PROVIDED MATERIAL
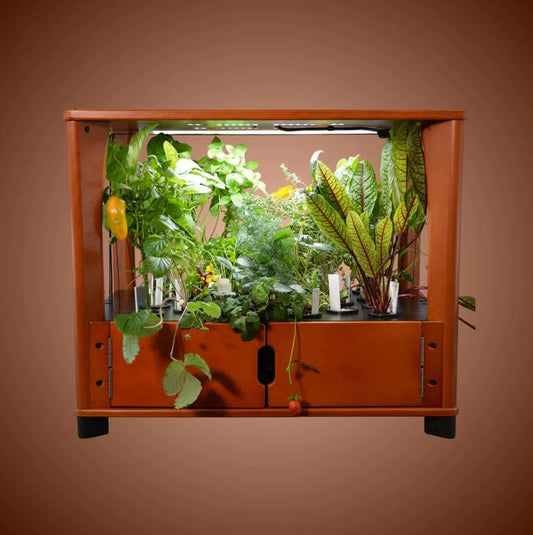 Aquager Home Farm — 24 Plants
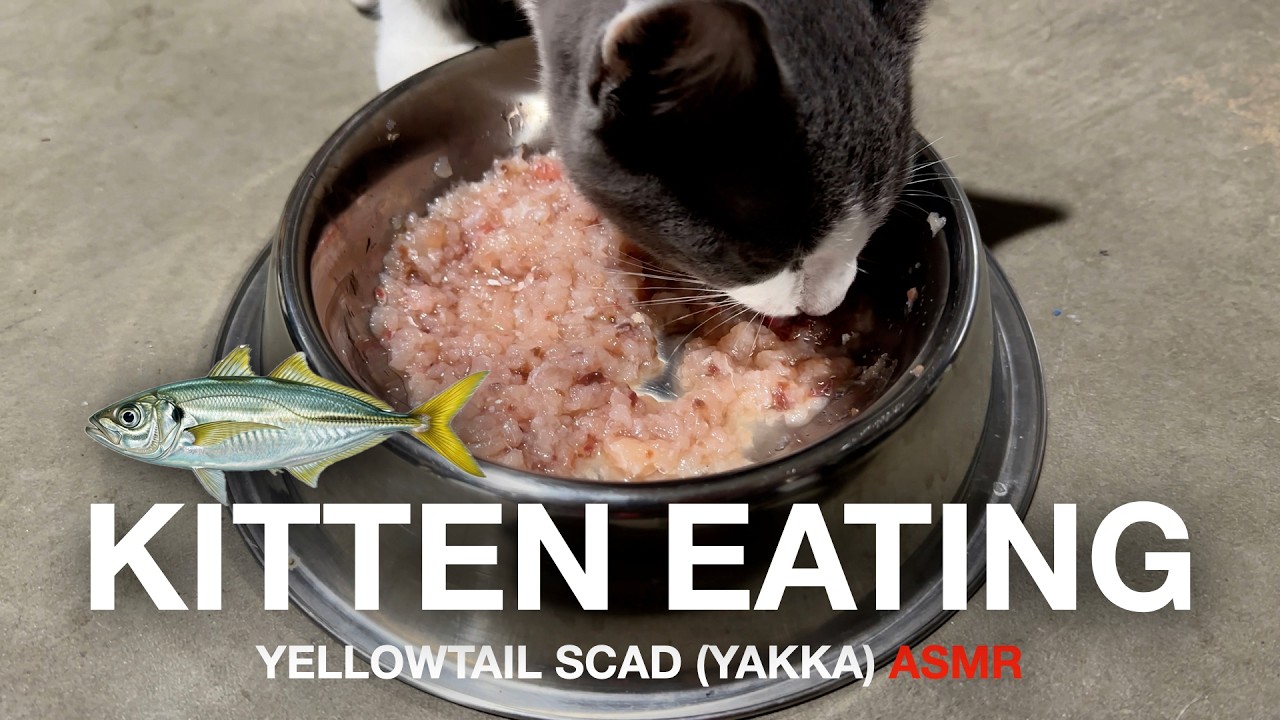 Kitten Eating Yellowtail Scad (Yakka) ASMR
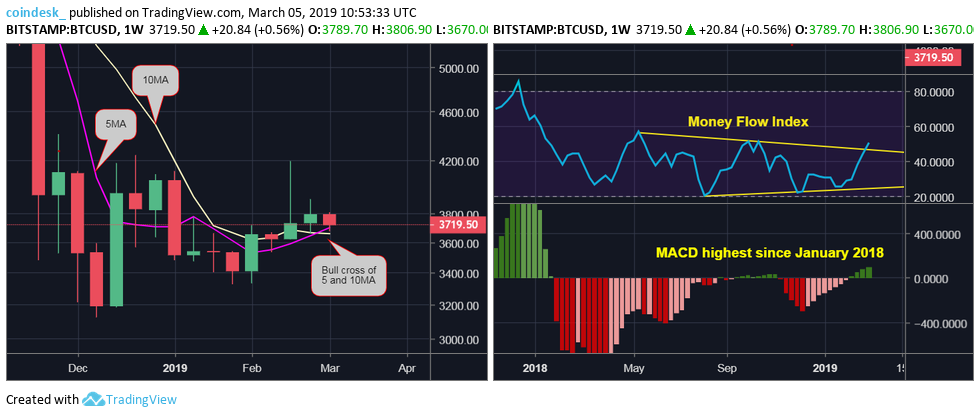 Цена биткоина упала до значений ноября прошлого года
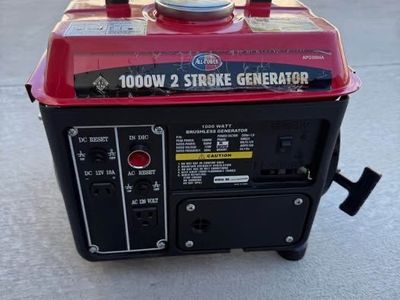 1000 W 2-Stroke Generator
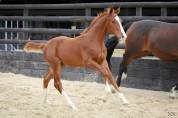 Poulain SF 6 mois sport 
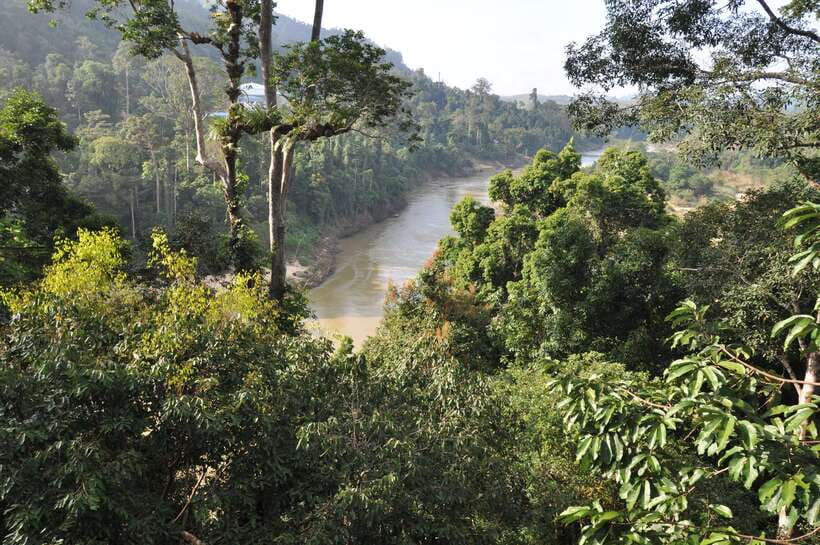 From Kuala Lumpur: Taman Negara National Park Trek Day Tour - The Teresek Hill hike is short on distance, big on sweat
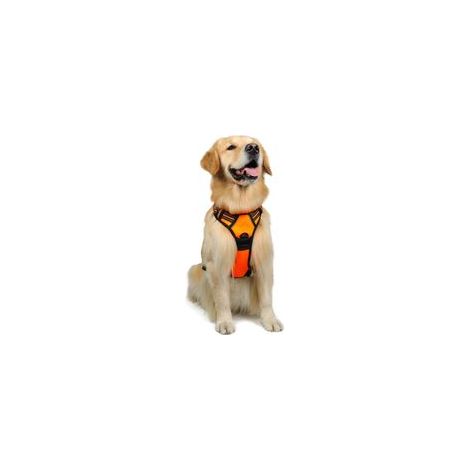 Harnais chien anti-traction orange L, gilet réfléchissant réglable, attache devant, pour chien grand taille, American Staff, Border Collie, randonnée, voiture –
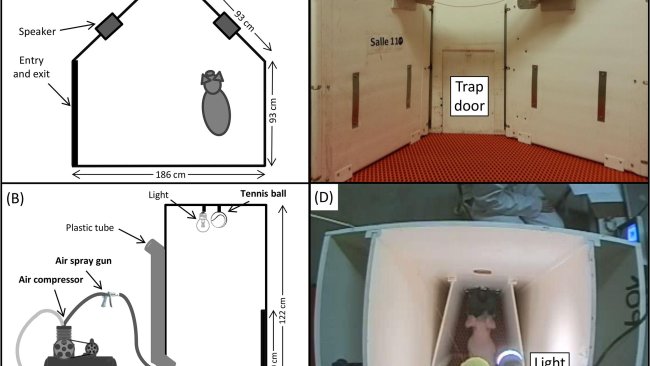 Fig 1. Panoramica dell'arena di prova e dell'apparato.
(A) Schizzo dell'arena di prova vista dall'alto, compreso l'apparato e gli altoparlanti; (B) Schizzo dell'apparato visto di lato, compresa la telecamera, la luce, il tubo di plastica e il passante. In una topografia laterale,  il materiale utilizzato per le punizioni, inclusa la pallina da tennis legata ad una lenza, il compressore d'aria con una pistola ad aria compressa e una pistola a spruzzo d'acqua; (C) Immagine dell'apparato visto frontalmente; (D) Immagine dell'apparato di test visto dall'alto con un suino alla mangiatoia.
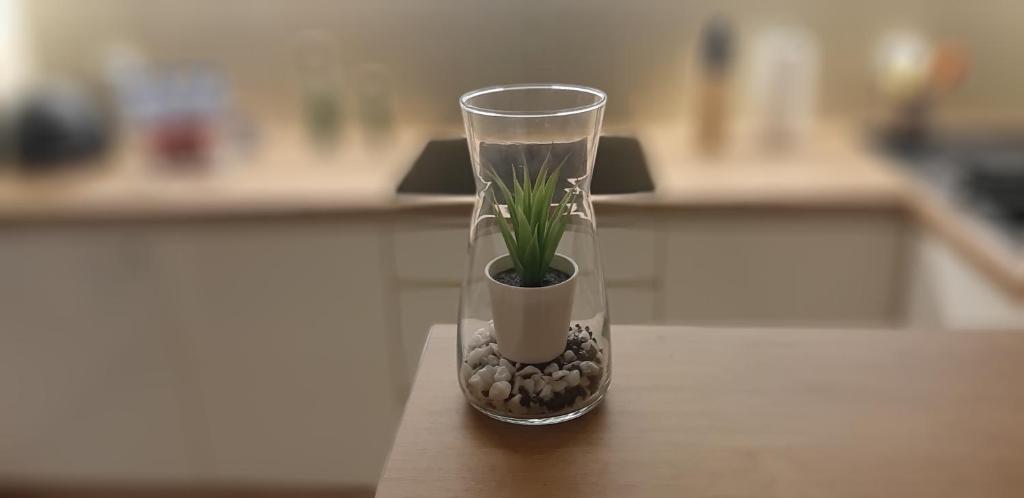 Apartament Cyrkoniowa room 2
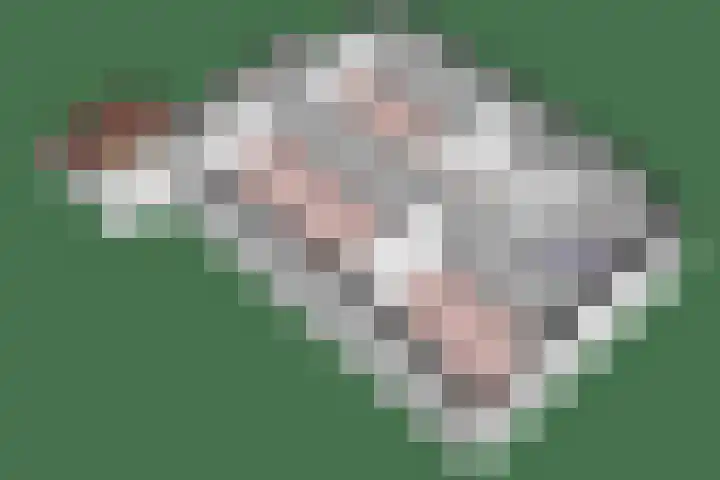 Ame 32 Drachten thumbnail 49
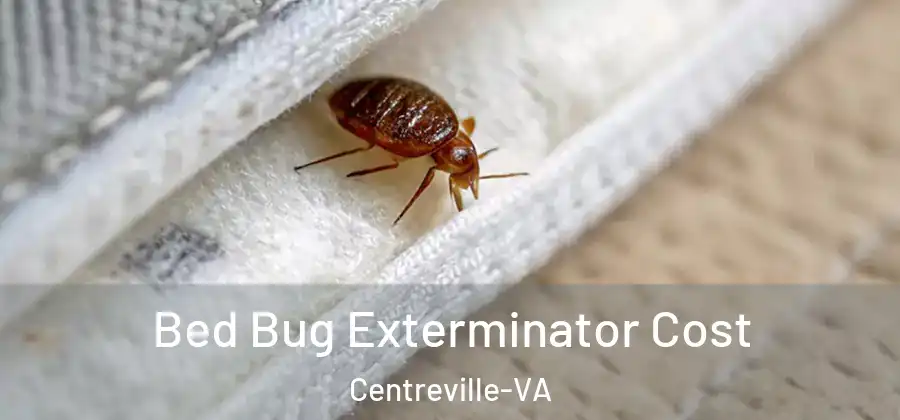 Bed Bug Exterminator Cost Centreville-VA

TASK DIRECTIONS
Without the pictures, give back the entries exactly.

REPLY
 Aquager Home Farm — 24 Plants
 Kitten Eating Yellowtail Scad (Yakka) ASMR
 Цена биткоина упала до значений ноября прошлого года
 1000 W 2-Stroke Generator
 Poulain SF 6 mois sport 
 From Kuala Lumpur: Taman Negara National Park Trek Day Tour - The Teresek Hill hike is short on distance, big on sweat
 Harnais chien anti-traction orange L, gilet réfléchissant réglable, attache devant, pour chien grand taille, American Staff, Border Collie, randonnée, voiture –
 Fig 1. Panoramica dell'arena di prova e dell'apparato.
(A) Schizzo dell'arena di prova vista dall'alto, compreso l'apparato e gli altoparlanti; (B) Schizzo dell'apparato visto di lato, compresa la telecamera, la luce, il tubo di plastica e il passante. In una topografia laterale,  il materiale utilizzato per le punizioni, inclusa la pallina da tennis legata ad una lenza, il compressore d'aria con una pistola ad aria compressa e una pistola a spruzzo d'acqua; (C) Immagine dell'apparato visto frontalmente; (D) Immagine dell'apparato di test visto dall'alto con un suino alla mangiatoia.
 Apartament Cyrkoniowa room 2
 Ame 32 Drachten thumbnail 49
 Bed Bug Exterminator Cost Centreville-VA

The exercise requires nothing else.